(Captioned web image data)
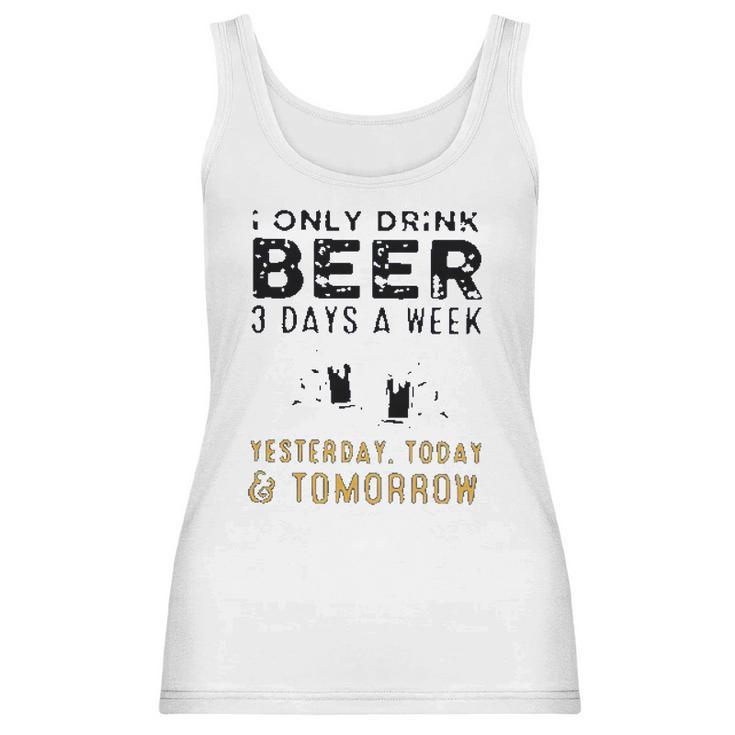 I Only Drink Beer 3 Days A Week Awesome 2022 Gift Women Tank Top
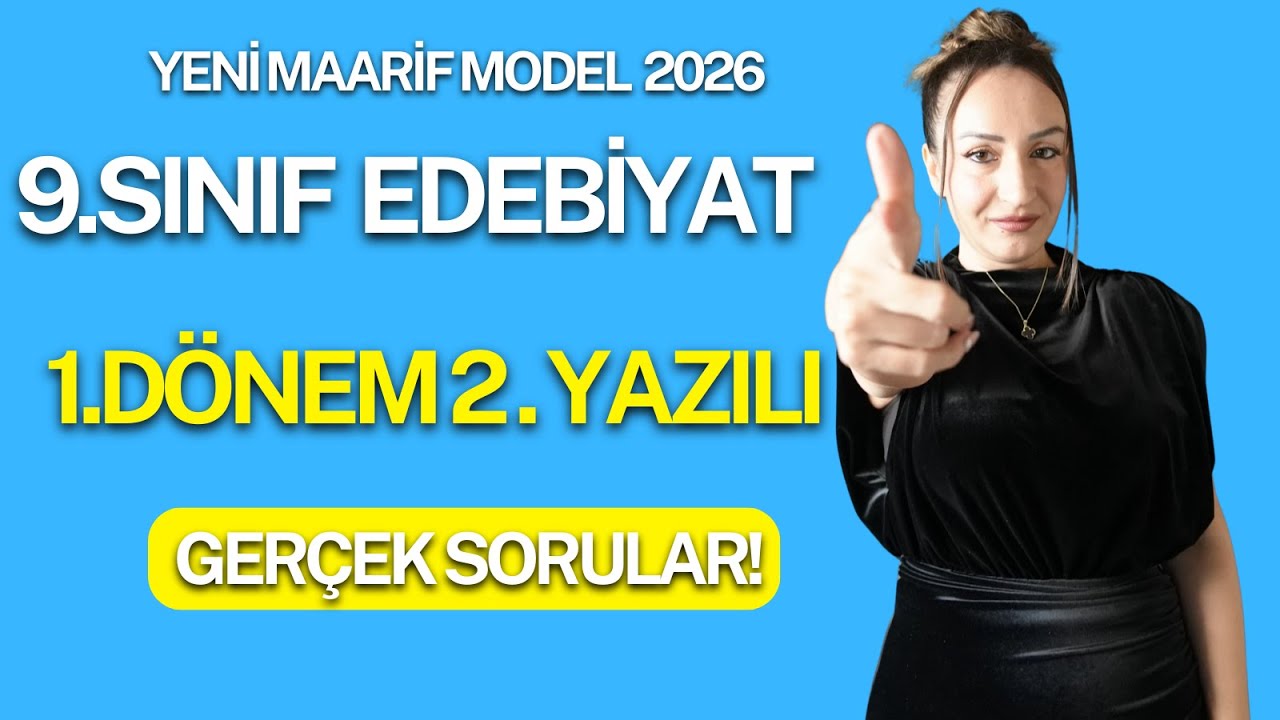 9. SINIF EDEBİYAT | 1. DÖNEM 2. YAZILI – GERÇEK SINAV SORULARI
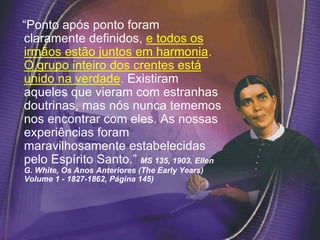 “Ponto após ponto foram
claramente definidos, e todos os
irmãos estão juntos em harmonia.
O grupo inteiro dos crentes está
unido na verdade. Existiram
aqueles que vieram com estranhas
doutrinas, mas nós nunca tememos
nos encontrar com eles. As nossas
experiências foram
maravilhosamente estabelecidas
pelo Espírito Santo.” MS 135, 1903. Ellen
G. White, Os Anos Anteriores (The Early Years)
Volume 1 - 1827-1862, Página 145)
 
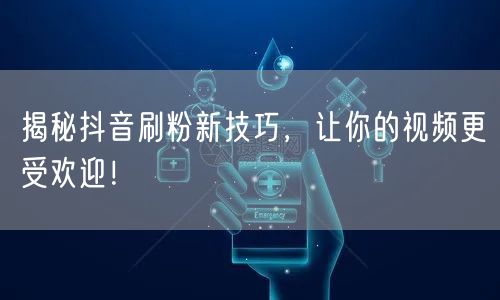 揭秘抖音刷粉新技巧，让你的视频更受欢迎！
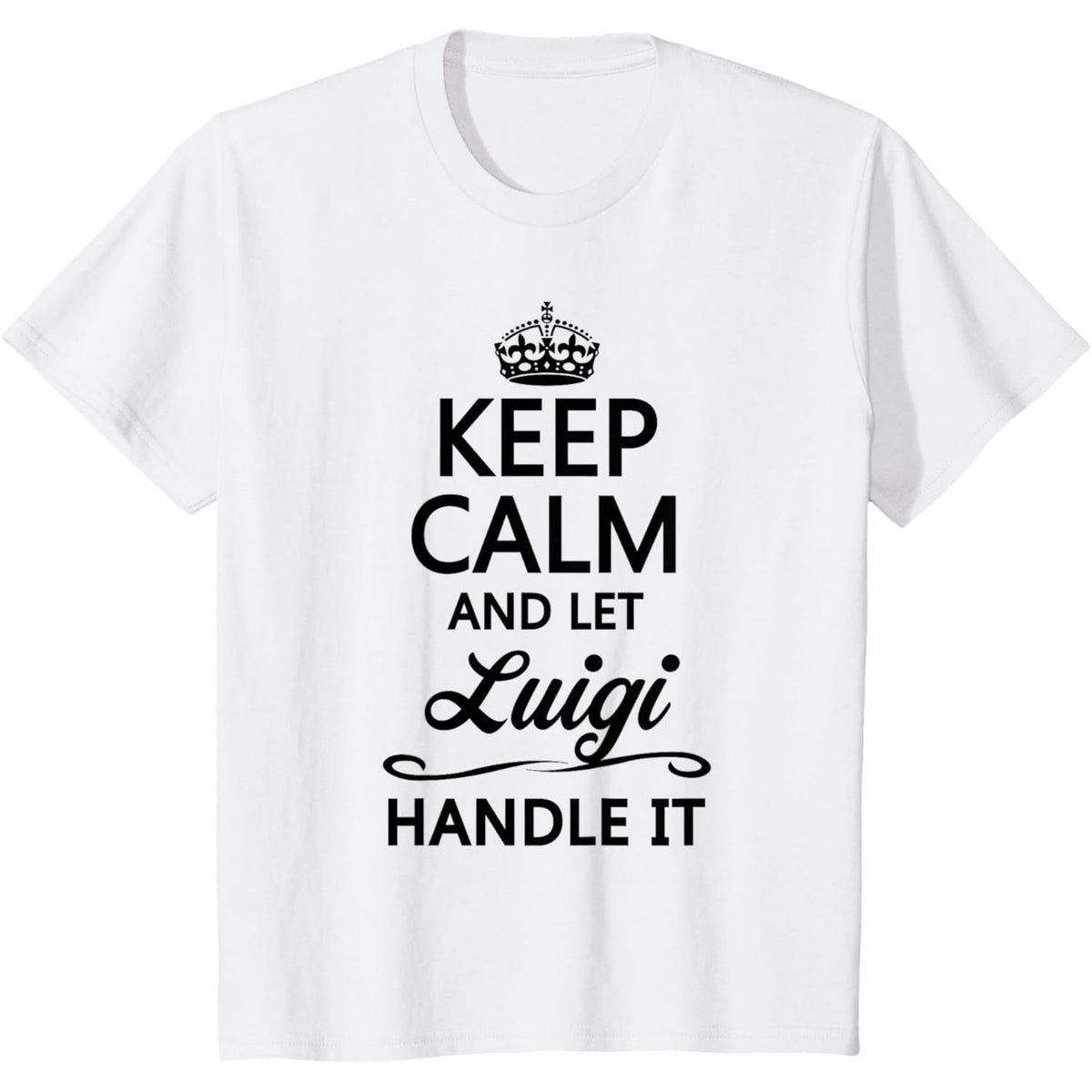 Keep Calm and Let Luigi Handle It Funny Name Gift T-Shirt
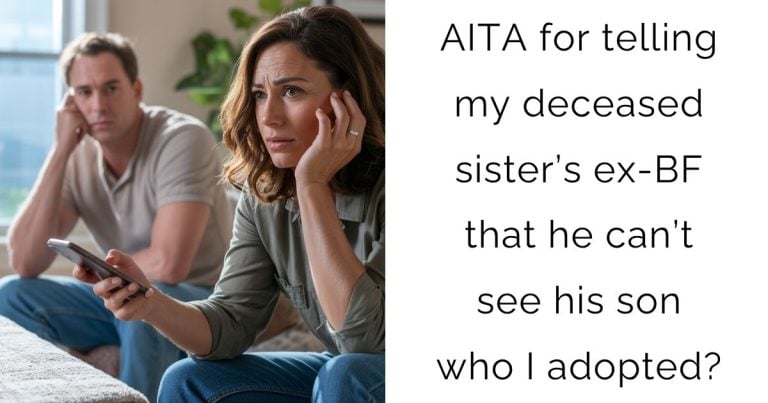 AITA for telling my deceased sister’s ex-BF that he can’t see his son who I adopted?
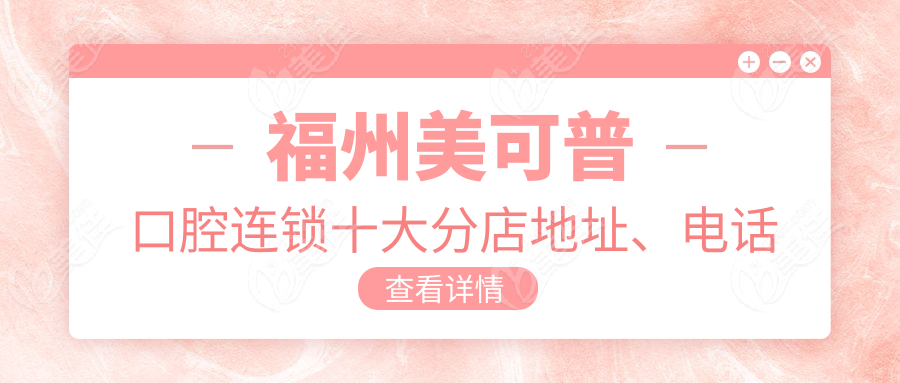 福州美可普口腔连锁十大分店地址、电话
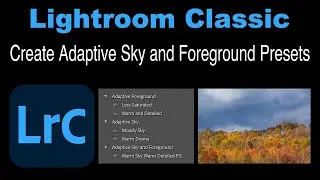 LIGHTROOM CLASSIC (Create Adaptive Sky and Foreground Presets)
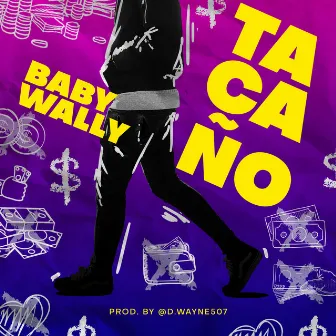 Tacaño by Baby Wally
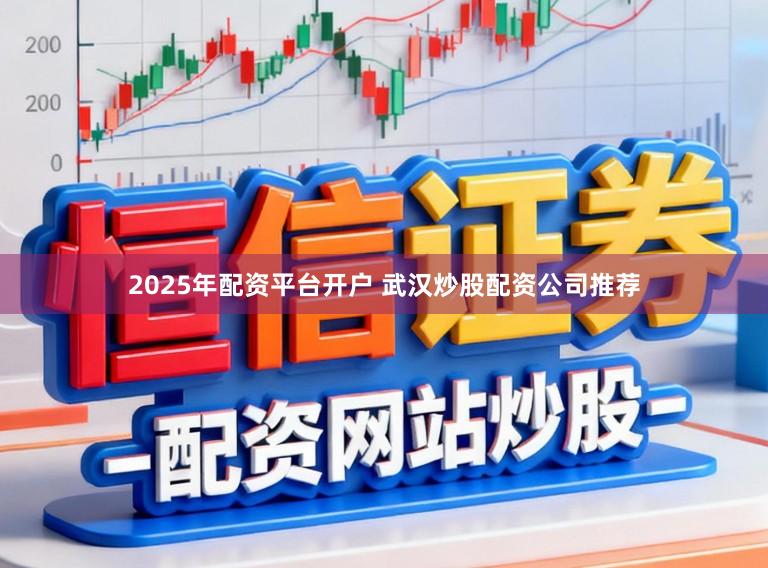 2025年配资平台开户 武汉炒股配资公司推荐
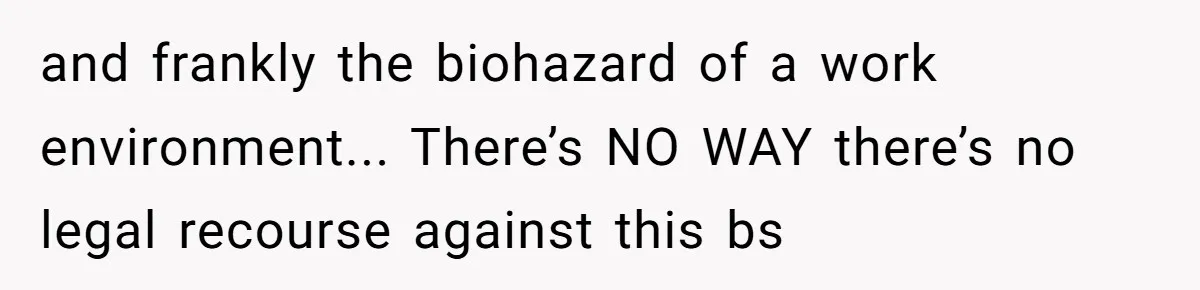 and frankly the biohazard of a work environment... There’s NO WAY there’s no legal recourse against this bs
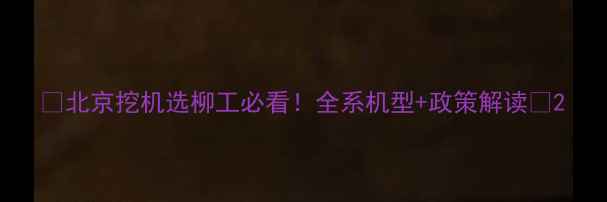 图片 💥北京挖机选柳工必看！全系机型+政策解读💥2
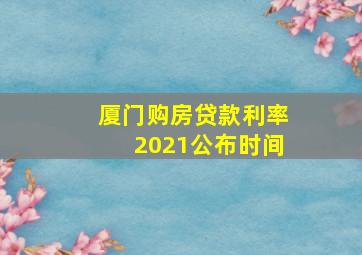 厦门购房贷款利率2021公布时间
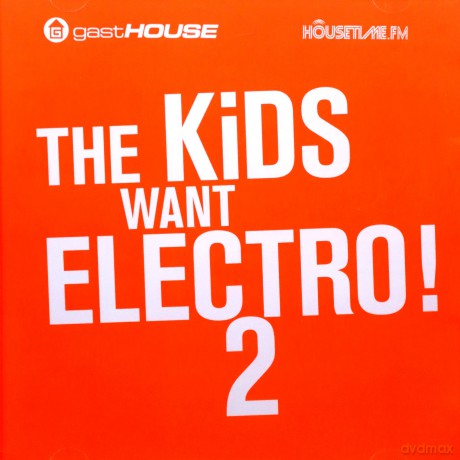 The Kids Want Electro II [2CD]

**TRY IT**
Keep every word of the data as it is when you write it out, but drop the pictures.

**EXERCISE ANSWER**
 I Only Drink Beer 3 Days A Week Awesome 2022 Gift Women Tank Top
 9. SINIF EDEBİYAT | 1. DÖNEM 2. YAZILI – GERÇEK SINAV SORULARI
 “Ponto após ponto foram
claramente definidos, e todos os
irmãos estão juntos em harmonia.
O grupo inteiro dos crentes está
unido na verdade. Existiram
aqueles que vieram com estranhas
doutrinas, mas nós nunca tememos
nos encontrar com eles. As nossas
experiências foram
maravilhosamente estabelecidas
pelo Espírito Santo.” MS 135, 1903. Ellen
G. White, Os Anos Anteriores (The Early Years)
Volume 1 - 1827-1862, Página 145)
 
 揭秘抖音刷粉新技巧，让你的视频更受欢迎！
 Keep Calm and Let Luigi Handle It Funny Name Gift T-Shirt
 AITA for telling my deceased sister’s ex-BF that he can’t see his son who I adopted?
 福州美可普口腔连锁十大分店地址、电话
 LIGHTROOM CLASSIC (Create Adaptive Sky and Foreground Presets)
 Tacaño by Baby Wally
 2025年配资平台开户 武汉炒股配资公司推荐
 and frankly the biohazard of a work environment... There’s NO WAY there’s no legal recourse against this bs
 图片 💥北京挖机选柳工必看！全系机型+政策解读💥2
 厦门购房贷款利率2021公布时间
 The Kids Want Electro II [2CD]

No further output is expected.